● **TASK BRIEF**
Leave out the pictures, and retype the remaining data exactly.

● **SUPPLIED MATERIAL**
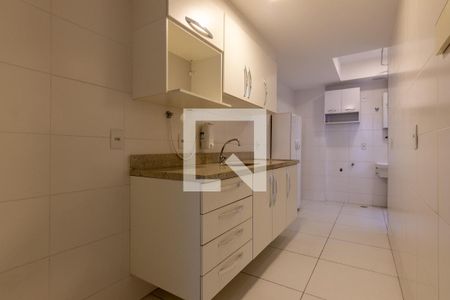 Apartamento à venda com 68m², 2 quartos e 1 vaga Apartamento à venda com 68m², 2 quartos e 1 vagaCozinha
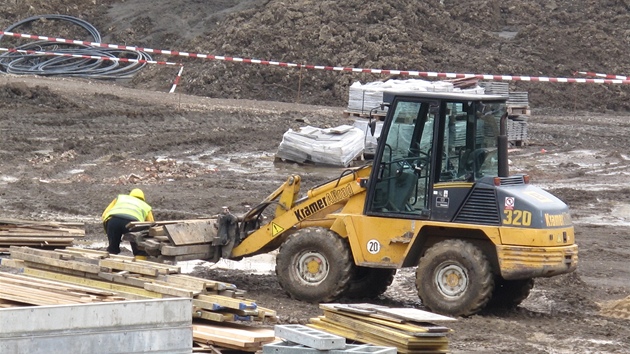 V Praze Motole vzniká víceú�elový sportovní areál s dostihovou dráhou pro chrty...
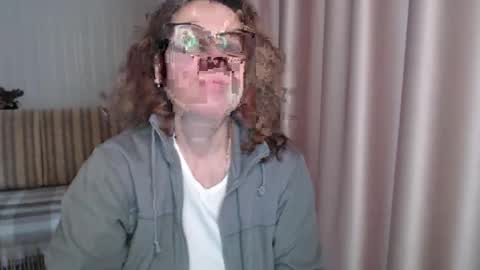 Lauraoven1 online show from February 2025 07:50:01 AM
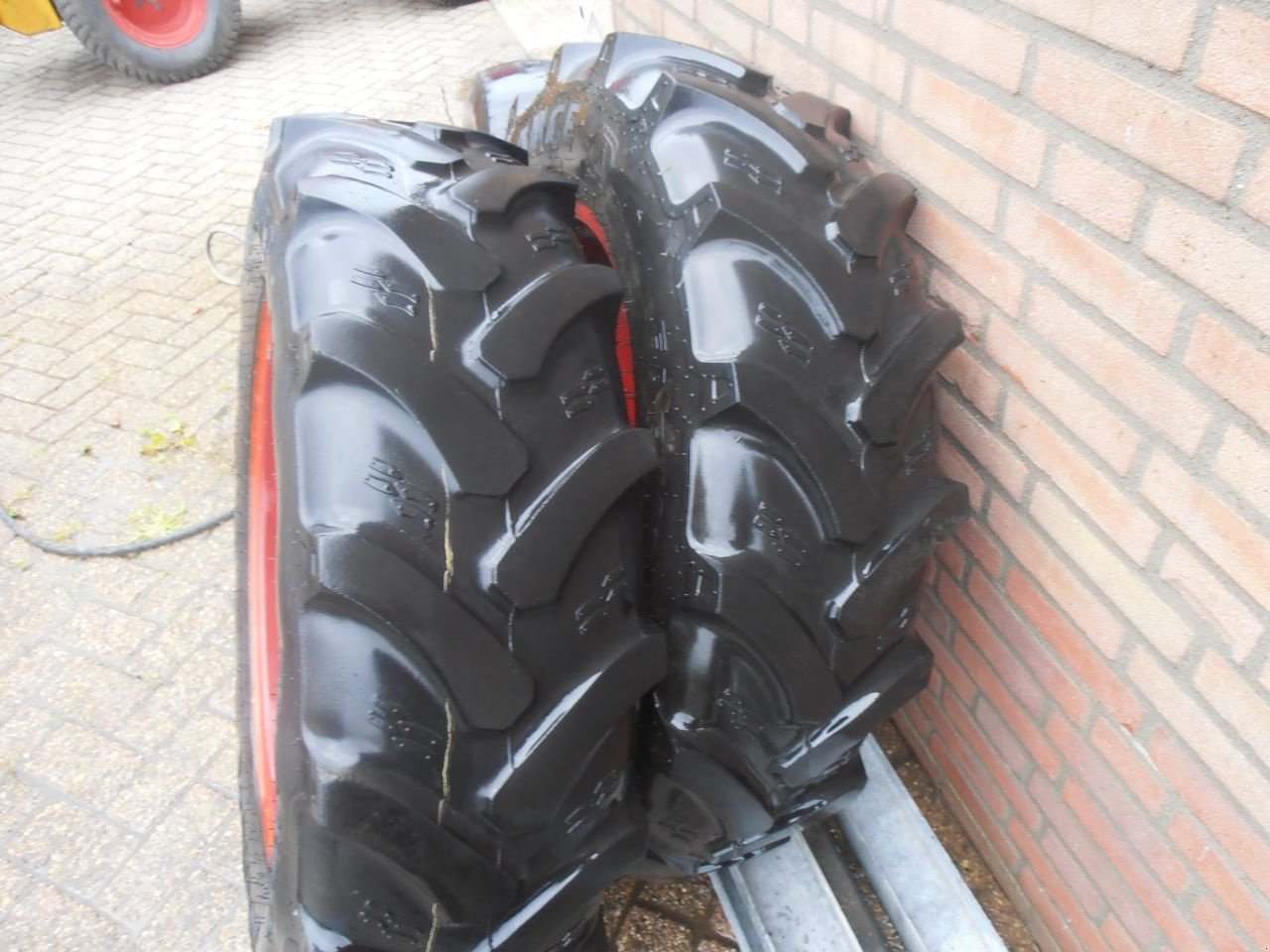 Reifen des Typs Sonstige Div tractor shovel aanhanganger, Gebrauchtmaschine in Kerkdriel (Bild 2)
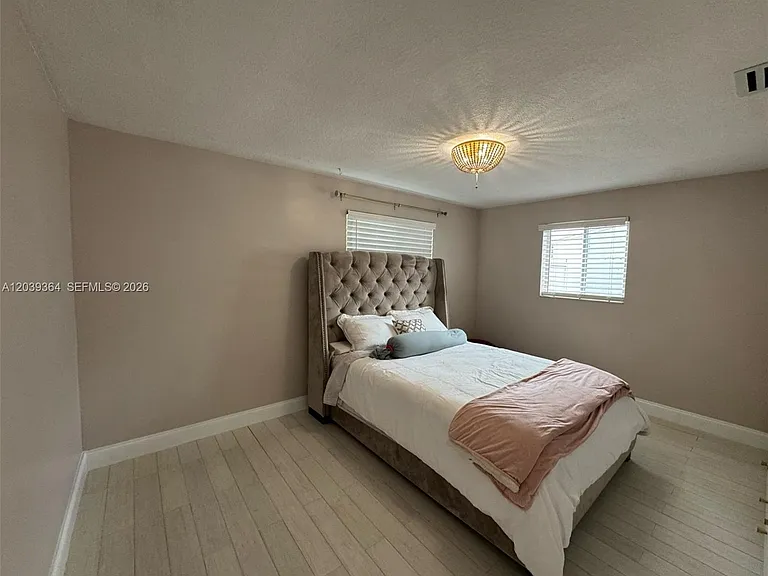 2181 SW 50th Ave — Photo 9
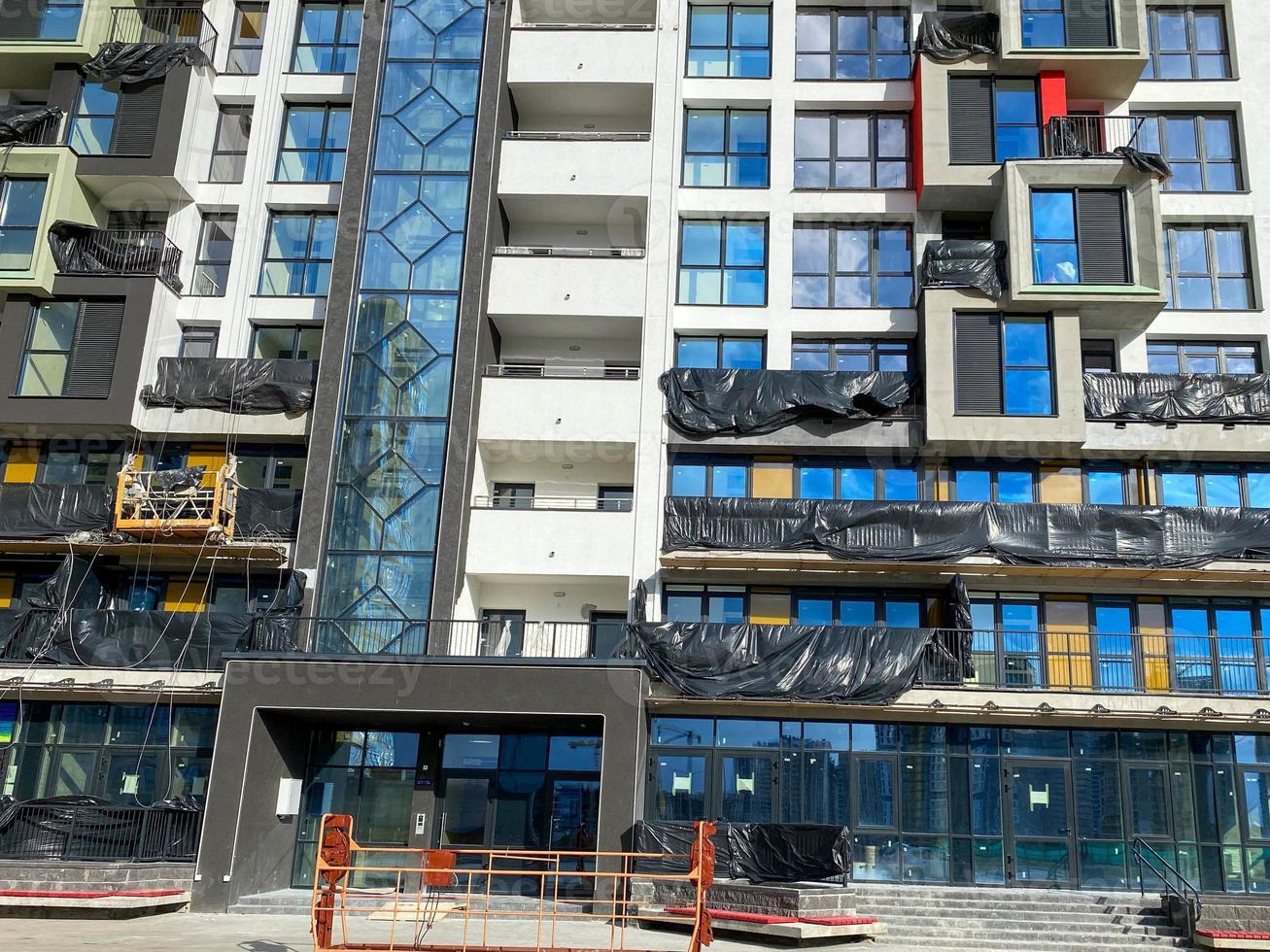 Construction cradle near the new lady of the new building in the film during the construction and renovation of the house with modern materials photo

● **SOLUTION TO THE EXERCISE**
 Apartamento à venda com 68m², 2 quartos e 1 vaga Apartamento à venda com 68m², 2 quartos e 1 vagaCozinha
 V Praze Motole vzniká víceú�elový sportovní areál s dostihovou dráhou pro chrty...
 Lauraoven1 online show from February 2025 07:50:01 AM
 Reifen des Typs Sonstige Div tractor shovel aanhanganger, Gebrauchtmaschine in Kerkdriel (Bild 2)
 2181 SW 50th Ave — Photo 9
 Construction cradle near the new lady of the new building in the film during the construction and renovation of the house with modern materials photo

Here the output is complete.